Ho letto l’articolo di Natale Forlani sulla riforma del fisco e il cosiddetto abbassamento della pressione fiscale (CLICCA QUI), e ne condivido appieno le conclusioni finali.

Scrive Forlani che dai dati sui redditi degli italiani “l’immagine che ne scaturisce è quella di un Paese caratterizzato da una imponente massa di persone povere e di famiglie che faticano ad arrivare a fine mese, che contrasta con i numerosi indicatori sui consumi, sugli stili di vita e dello stesso andamento dei conti correnti bancari della stragrande maggioranza delle famiglie”.
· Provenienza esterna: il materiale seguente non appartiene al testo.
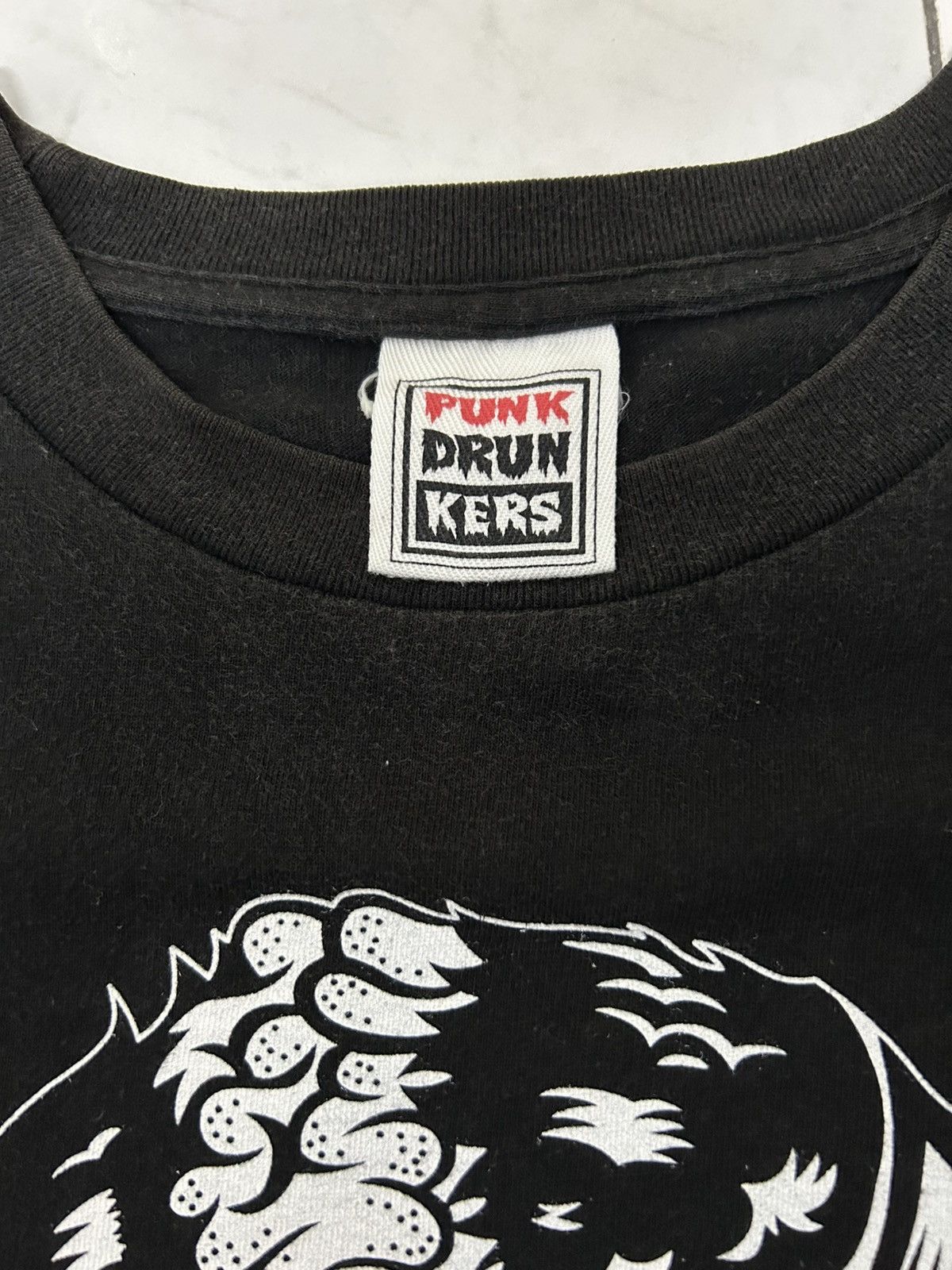 Japanese Brand VINTAGE PUNK DRUNKERS PUSHEAD DESIGN RARE Size US XL / EU 56 / 4 - 3 Thumbnail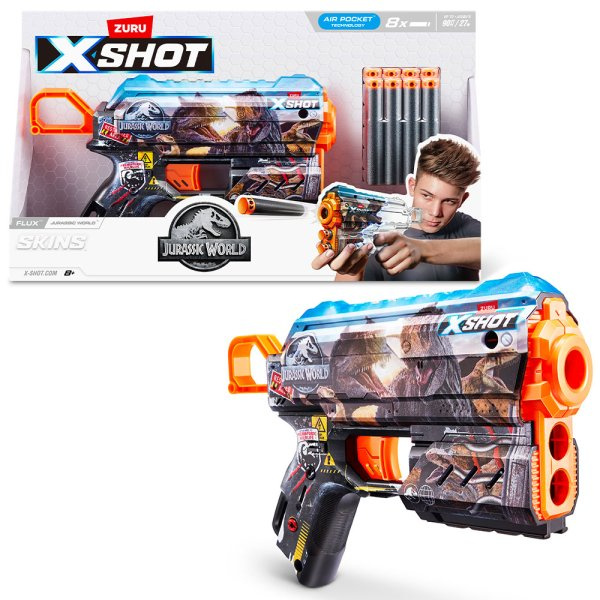 X-SHOT Jurský svět - Skins Series 1 (8 nábojů)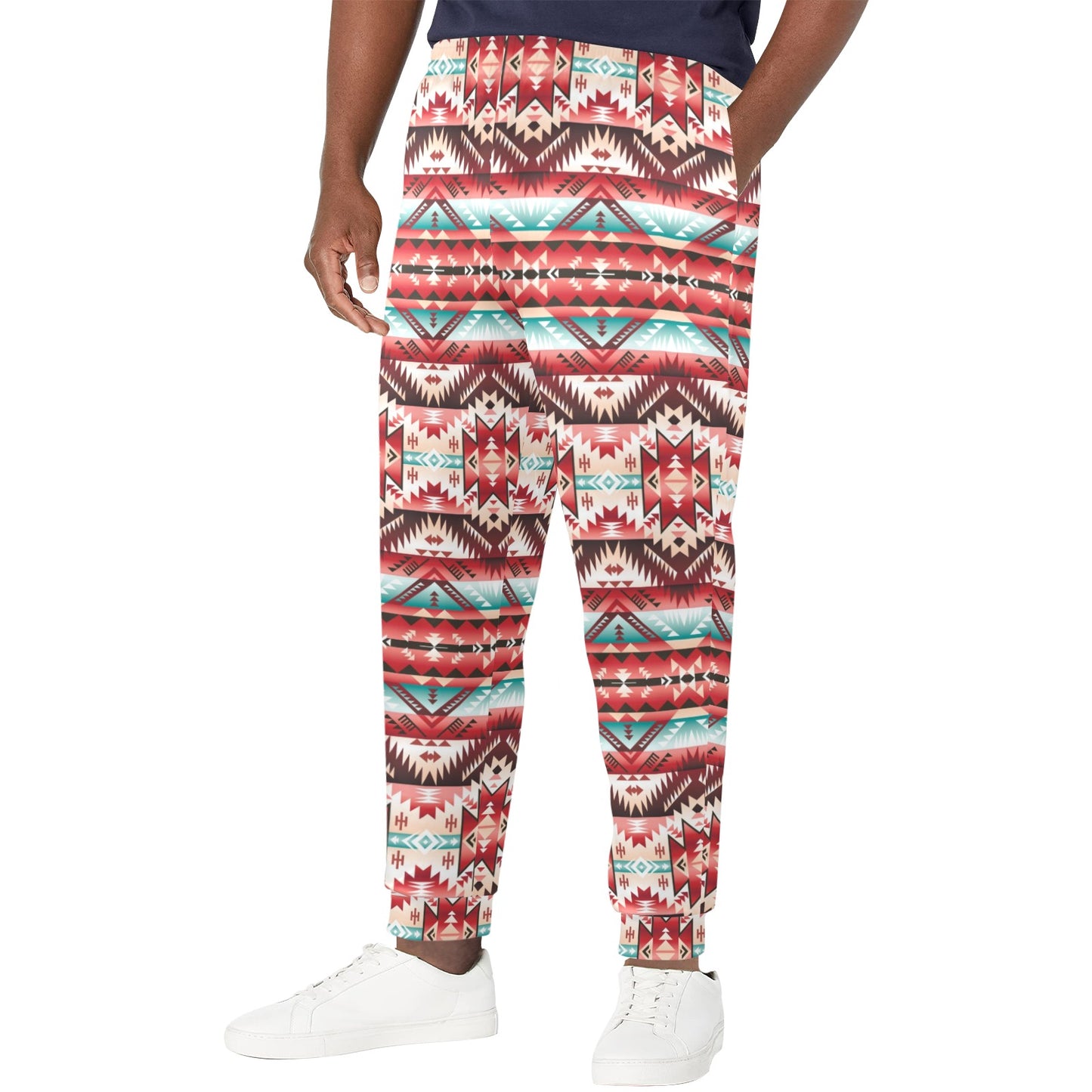 Aztec Western Style Print Pattern Men's Casual Track Pants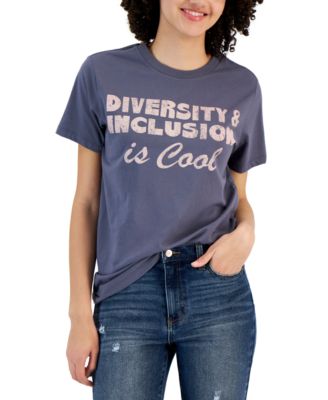 Grayson Threads, The Label - Juniors' Crewneck Short-Sleeve Diversity & Inclusion T-Shirt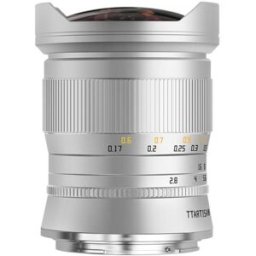 Objetivo Ttartisan 11mm F2.8 Fisheye para Canon Plata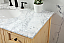 Modern Fitting 42" Single Bathroom Vanity in Natural Wood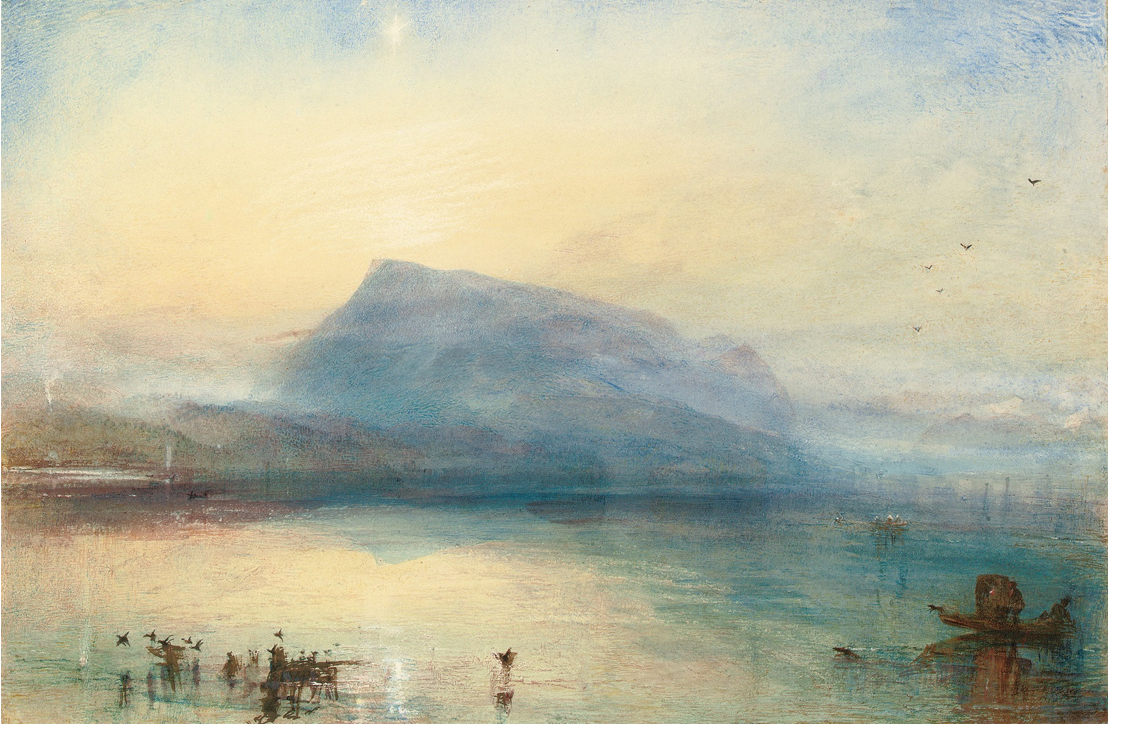 The Blue Rigi, Lake of Lucerne, Sunrise, 1842 de J. M. W. Turner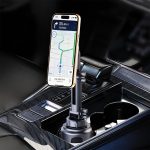 Car Phone Cup Mount GX-73 - Magsafe Compatible, Black - تصویر 2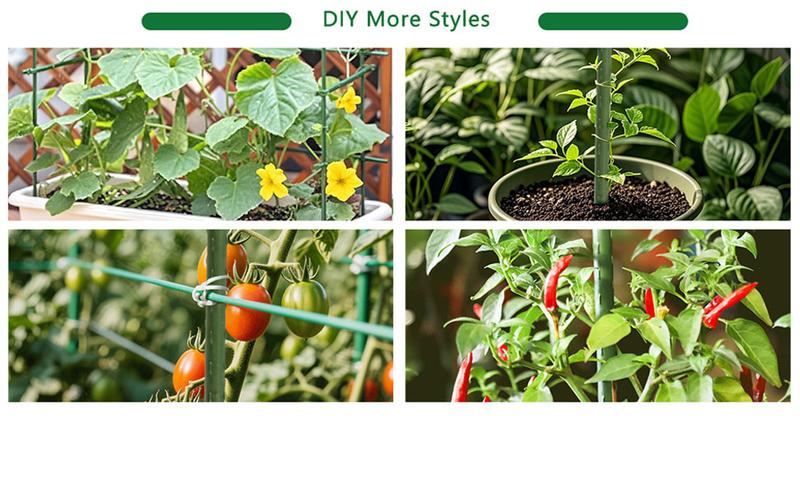 4ft Plastic Coated Steel Stakes – Garden Plant Supports for Tomatoes & Climbing Plants (25pcs)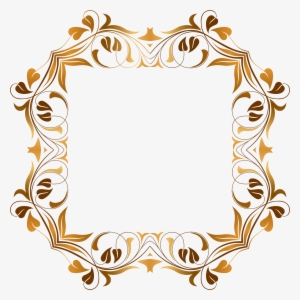 Floral Flourish By Gdj On Openclipart - Flourish Frame Png
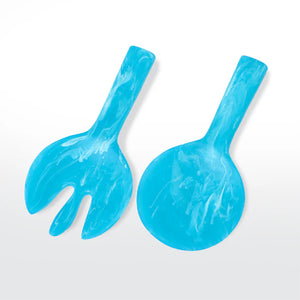 Jumbo Salad Servers, Aqua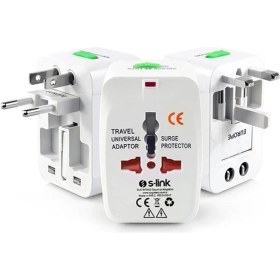 Resim Teknomila Seyahat Universal Çoklu Priz Adaptörü Akım Korumalı 10A 250V 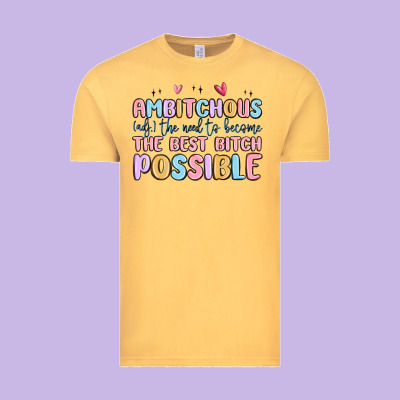 Ambitchous (adj.) The Need To Become The Best Bitc Vintage Tee Designed By Maliassmallbusiness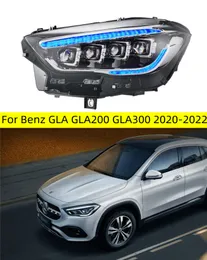 Benz GLA 20 20-2022 GLA200 GLA30 LEDヘッドライト高ビームレンズデイタイムランニングライトのフルLEDヘッドライト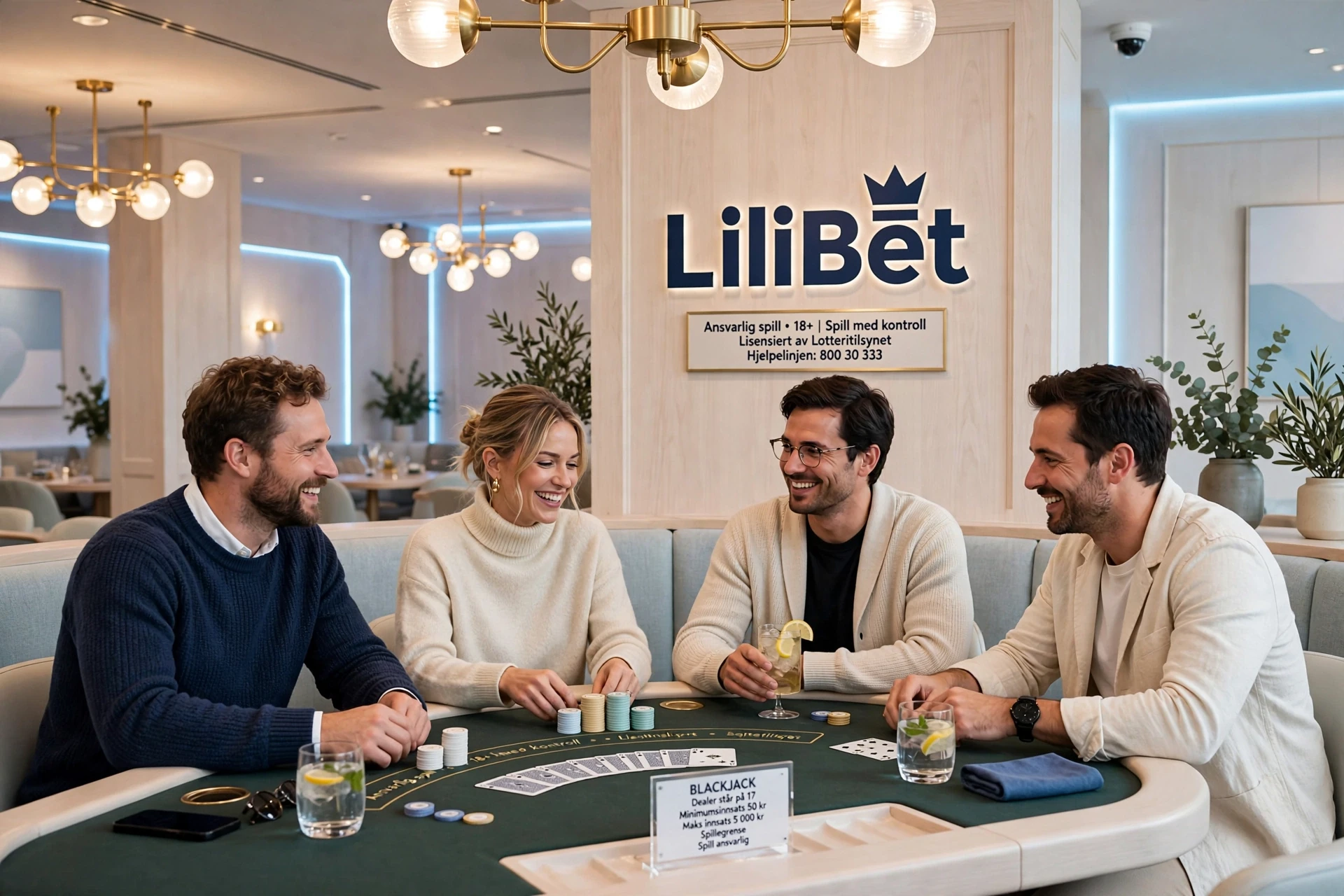 Blackjack på Lilibet Casino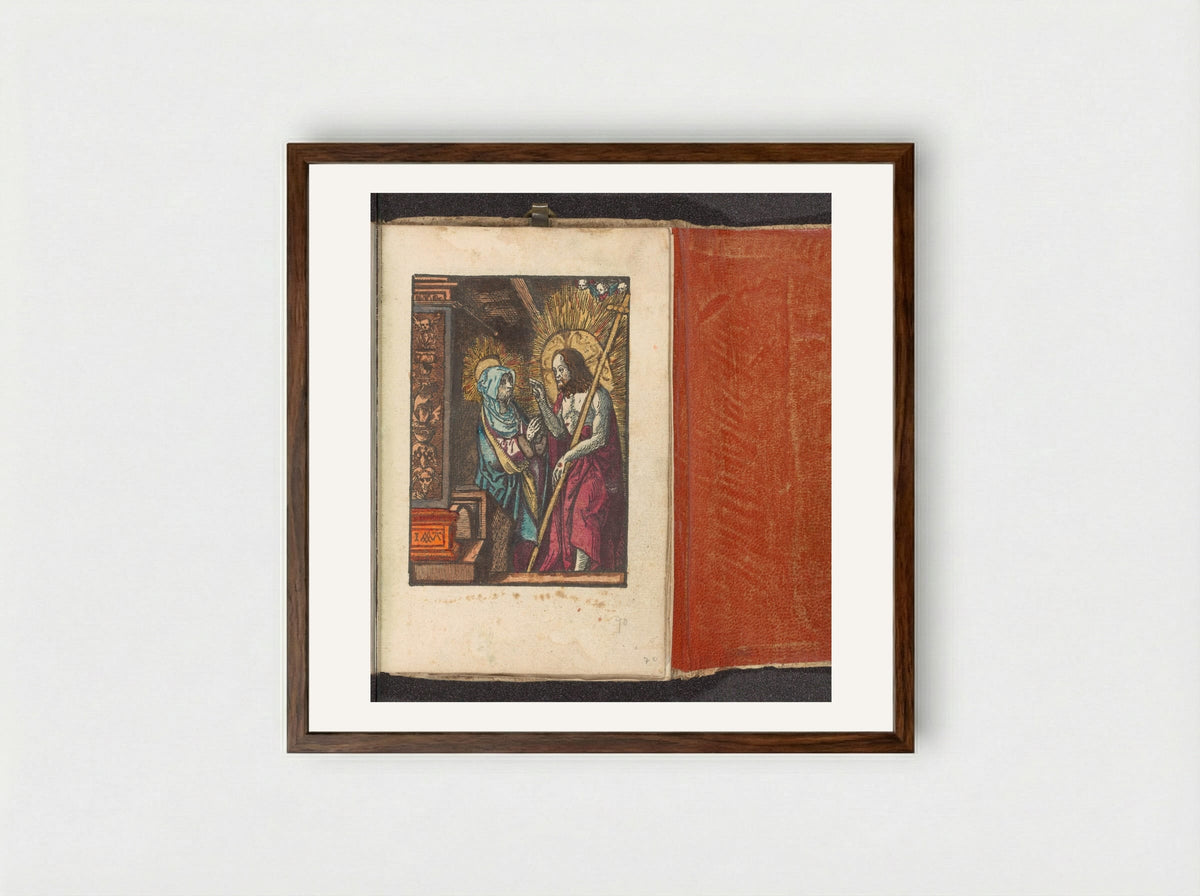 Christ Appears to His Mother - Doen Pietersz. - Framed Print Dark Wood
Proprio qualche settimana fa Brambilla sul “Corriere della sera” in un articolo dal titolo Irpef, chi paga davvero le tasse in Italia tra finti poveri e ricchi immaginari ha riportato le cifre di uno studio di Itinerari previdenziali . Direi le cifre di una vergogna cui nessuno riesce o vuole mettere riparo. La faccio breve. Nell’articolo è scritto che circa 14 milioni 535mila famiglie, su un totale censito da Istat di 25,7 milioni, il 57% del totale, secondo le dichiarazioni dei redditi , vive in media con meno di 10 mila euro lordi l’anno. Questo 57%, paga 14,7 miliardi di Irpef pari all’8,35% del totale d’imposta. Commenta Brambilla: “È un dato realistico? Difficile pensare che gli abitanti di un Paese del G7 vivano come quelli di un Paese del Nord Africa”.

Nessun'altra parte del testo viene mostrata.